Home / System / The Lazarus Protocol / Chapter 6 — Bloodlines
Chapter 6 — Bloodlines
Author: Sami Yang
last update2025-07-27 04:20:08

The sirens had gone quiet.

For a city that never truly slept, the silence in Harbor Row was unnatural. Like the breath before a scream. Or the pause before a trigger pull.

Ethan moved through the shadows of the safehouse’s second floor, eyes narrowed as he looked out over the street. No patrols. No agents. But he felt it. The shift in the air. Something was off.

Inside, Mara was assembling the tech Ethan had recovered from the informant in the last raid—an old-world drive, still encrypted, but radiating heat like it was alive. Reese stood nearby, loading a shotgun with clinical precision. Ayla tapped through surveillance feeds on a cracked laptop, cursing softly in Romanian. Lila was nowhere to be seen.

“Where is she?” Ethan asked.

“Lila went to get comms supplies from one of the outposts,” Ayla muttered. “Fifteen minutes ago.”

Reese’s brow furrowed. “She should’ve checked in by now.”

The explosion ripped through the alleyway two blocks east—sending dust, concrete, and fire curling into the sky like a signal flare from hell. Ethan didn’t hesitate. He grabbed his sidearm and ran.

When he arrived, the street was chaos. Rubble littered the sidewalk. Smoke choked the air. But amid it all, he found her—Lila—bloodied, gasping, pinned beneath a collapsed wall.

“Lila!” Ethan shouted, dropping to his knees, hands digging through debris to reach her.

She coughed. “Trap… it was a trap… Marcus knew.”

He froze. “Marcus set this?”

Her trembling fingers pressed a blood-streaked device into his palm. “He’s not just hunting you. He’s trying to finish what the Lazarus Protocol started.”

Then her body went still. Breathless. Gone.

Ethan’s jaw clenched. Another life taken by the ghosts of his past.

He stood up, eyes burning.

“Enough,” he growled.

Back at the safehouse, Ayla managed to crack part of the old drive. The screen flickered with grainy footage. Ethan stood before it, staring at a younger version of himself. Dressed in military black. Hooked to wires. His face a blank slate.

A voiceover played:

“Subject-07: Codename LAZARUS. Memory suppression complete. Behavioral overwrite engaged.”

Mara gasped behind him. “They reprogrammed you. You weren’t just a soldier. You were the prototype.”

Footage shifted. A lab. Cryotubes. Children. Files scrolling across the screen.

Name after name.

And one that made Ethan stagger.

“Aiden Vale.”

Ethan stared. “That’s… my son.”

Mara nodded, tears in her eyes. “They told me he died in childbirth. But it was a lie. They took him for the program. He’s alive, Ethan.”

Ethan felt the floor disappear beneath him.

Aiden—his son. Alive. Part of the same machine he had unknowingly helped build.

The team gathered around the table that night. The map sprawled out. Pins. Dotted routes. Marked targets. But now the mission had changed.

“This is personal,” Ethan said. “Rayburn isn’t just playing god with minds—he’s playing god with bloodlines. They took Aiden. We get him back.”

Reese nodded. “Then we go for the heart. The facility on Apex Island.”

Ayla frowned. “That’s a death sentence. It’s fortified.”

Ethan looked at Mara. “You said the rebels had assets inside.”

She hesitated. “One. But we haven’t made contact in years.”

“We don’t have years.”

Just past midnight, Ethan’s instinct screamed. He reached for his weapon—and the windows shattered.

Suppressor fire hissed through the living room.

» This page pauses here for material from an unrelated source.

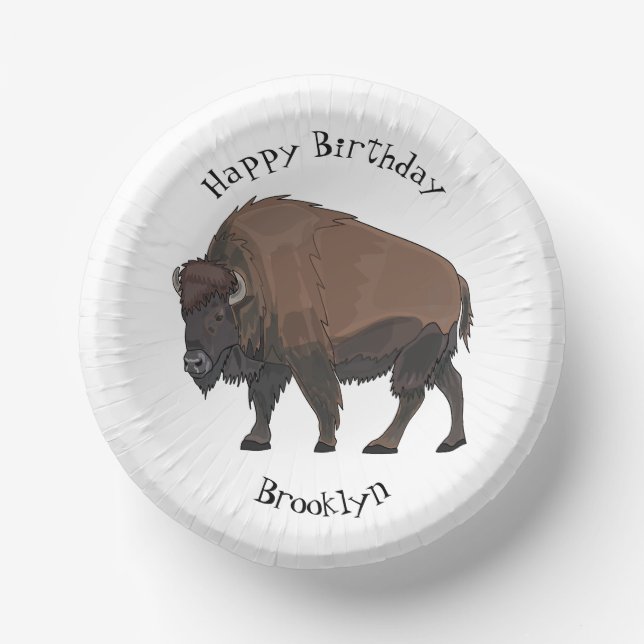 Bison cartoon illustration paper plate (Front)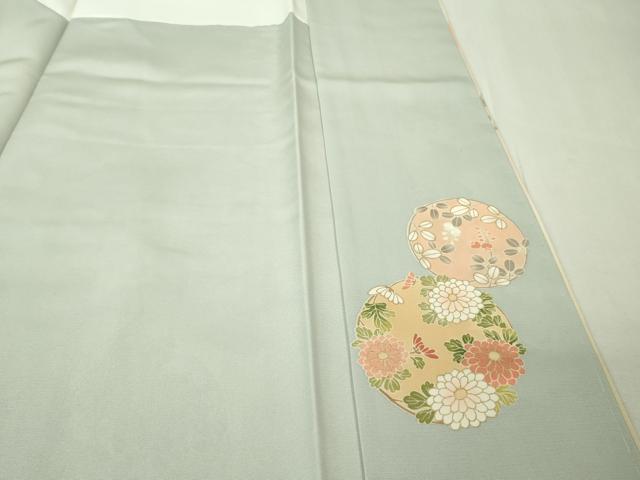 平和屋本店●極上　訪問着　駒刺繍　束ね熨斗　花丸文　濃い藍白色地　暈し染め　金彩　逸品　未使用　DZAB7161kh6_8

Red lasers danced through the smoke.

“Cleaners!” Ayla screamed, diving behind the counter.

Ethan rolled across the floor, taking down two agents with controlled bursts. Mara provided cover fire while Reese dragged the encrypted drive to safety.

Outside, the black vans kept coming.

“They found us,” Ayla said. “We’ve got to burn this place.”

“No,” Ethan said. “We take the fight to them.”

Using a back alley and decoy explosives, they slipped out. By the time the last cleaner entered the house, the timer had run down.

The explosion tore through the safehouse, and half of Harbor Row went dark.

They fled under cover of fire and ash, adrenaline pumping. The team was fractured, bleeding, but not broken.

They had one destination now: Apex Island.

And Ethan had one goal.

“Hold on, Aiden,” he whispered. “I’m coming.”